Aggressive timeouts. Less a cause than a false positive: the sender's retransmit timer fired too early because the path RTT grew. The original packet was not lost, just slow. TCP has adaptive timers, but under sudden latency spikes you still see spurious retransmits.

How to detect them in a capture

1. Take a short capture at the host that is suffering, not at the far end. Loss shows up differently depending on where you are on the path. On Linux: sudo tcpdump -i any -w /tmp/cap.pcap -s 200 port 443 and host api.example.com. 200 bytes of snapshot is enough to see all TCP headers without capturing payloads. 2. Keep the capture small. 2 to 3 minutes during the slow period, not an hour. The default PCAPNG format from modern tcpdump is fine. 3. Upload to the analyzer. The PCAP analyzer reads both classic PCAP and PCAPNG natively and shows a TCP quality table. Each row is one one-way flow with its retransmit count and percent. A flow with 5 percent retransmits is the one to investigate. 4. Confirm with Wireshark. Open the same file in Wireshark and apply the display filter tcp.analysis.retransmission. The packets that matched should be the same ones counted in the quality table.

How to find the actual cause

Once you know *which* flow is lossy, the cause is rarely in the capture itself. You have to look at the path and the hosts.

Step 1: Is it loss, or window starvation? In the capture, check the ACK packets from the receiver. If the advertised window stays large (tens of kilobytes) even during retransmits, it is path loss. If the window shrinks toward zero just before retransmits, the receiver is slow. Window starvation is an application bug (slow reader) or kernel bug, not a network issue.

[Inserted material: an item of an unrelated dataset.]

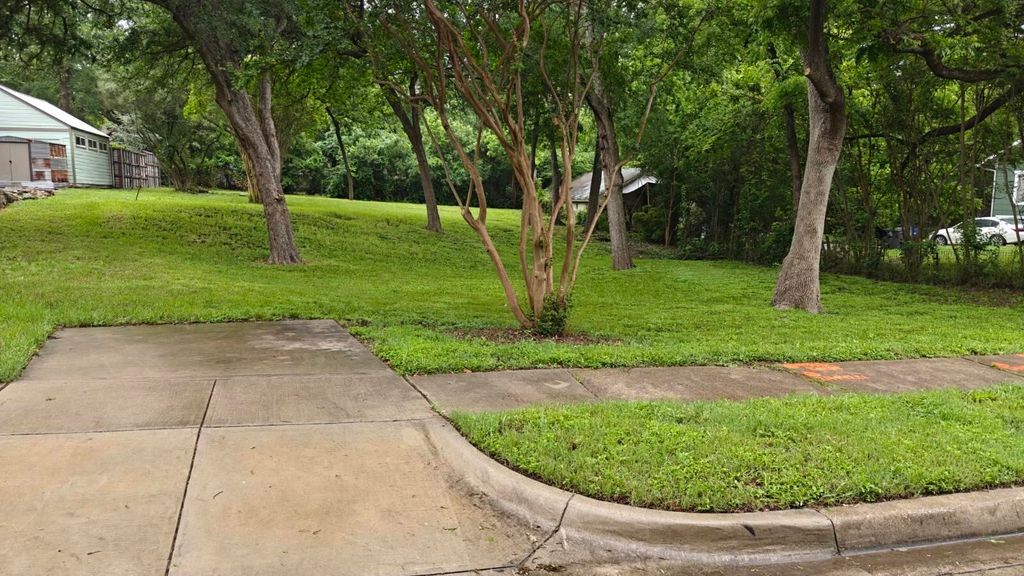 8714 Daytonia Avenue, Dallas, TX 75218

Step 2: Where on the path is the loss? Run mtr --report --report-cycles 100 api.example.com from the affected host. mtr sends probes and shows per-hop loss. If loss is 0 percent at hops 1 through 8 and 7 percent at hop 9, hop 9 is the suspect. Caveat: many routers deprioritize ICMP, so mtr loss at an intermediate hop does not always match TCP loss. But consistent loss at hop N and every hop after it is a real signal.

Step 3: Is it an MTU problem? Try ping -M do -s 1472 api.example.com on Linux (replaces 8-byte ICMP header plus 20-byte IP header to reach the 1500-byte Ethernet MTU). If 1472 succeeds but 1473 fails, your path MTU is 1500. If 1472 also fails, the path MTU is smaller and ICMP fragmentation-needed is probably being filtered. Lower the MSS on the host or firewall.

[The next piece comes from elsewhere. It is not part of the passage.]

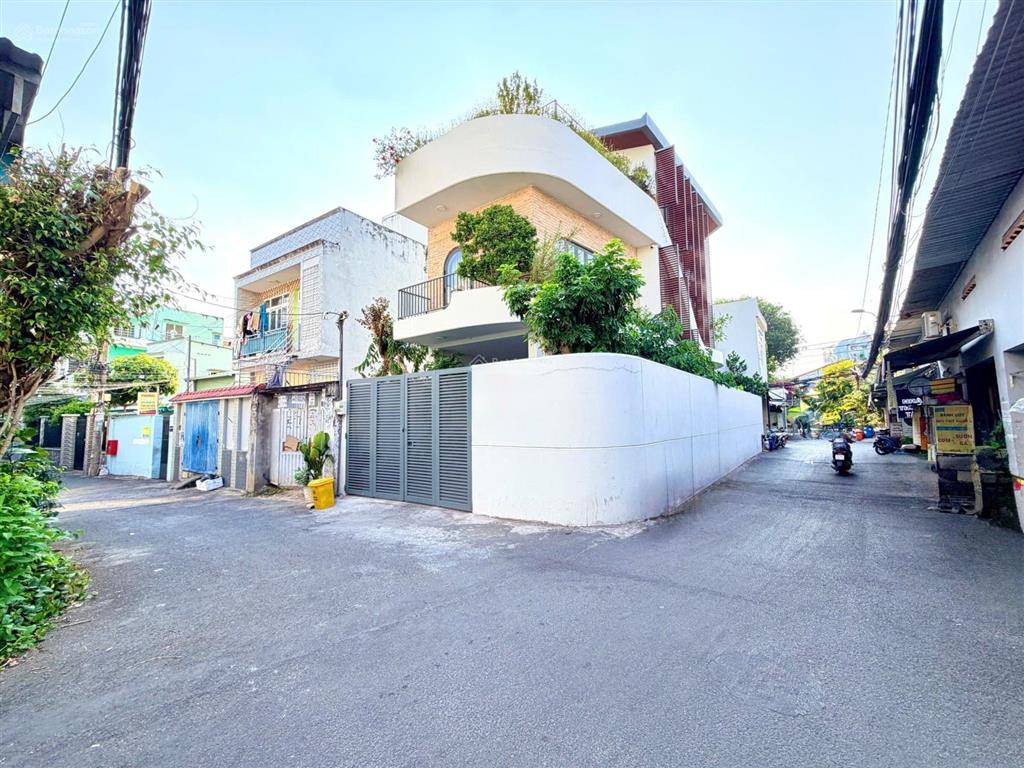 Cần bán nhanh biệt thự đẹp góc 2mt linh chiểu thủ đức  13,2 tỷ biệt thự rộng  sang trọng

Step 4: Is it a physical layer problem? On Linux, run ip -s link show on both ends of the lossy path. The RX errors, dropped, and overrun counters should be zero. Non-zero error counts on a local interface are usually a bad cable, a mismatched duplex setting, or a failing NIC. Non-zero drops are usually qdisc backpressure under heavy load.

Step 5: Is it load? If retransmits correlate with traffic spikes, the path is saturated during those spikes. Fixes: lower traffic, upgrade the link, or use QoS / BBR congestion control to handle saturation more gracefully. The BBR algorithm (available on most modern Linux kernels with sysctl net.ipv4.tcp_congestion_control=bbr) handles bursty loss much better than the default CUBIC.

A 30-second triage you can actually remember

Capture 2 minutes on the sending host. Upload to the PCAP analyzer. Pick the flow with the highest retransmit percent. Check if the receiver's window stays open (loss) or collapses (slow receiver). Run mtr to the peer. If mtr shows loss at a specific hop, that is your answer. If mtr is clean, suspect MTU or interface errors.

That covers the vast majority of real-world cases. Fancy causes (middlebox ECN mangling, TCP offload bugs, faulty hardware) exist but are rare, and they usually show up as non-obvious patterns in the capture that an analyzer will flag as anomalies you can investigate further.

The point is: retransmissions are not random. They always mean something specific. A capture plus mtr plus interface counters tells you which one in about five minutes.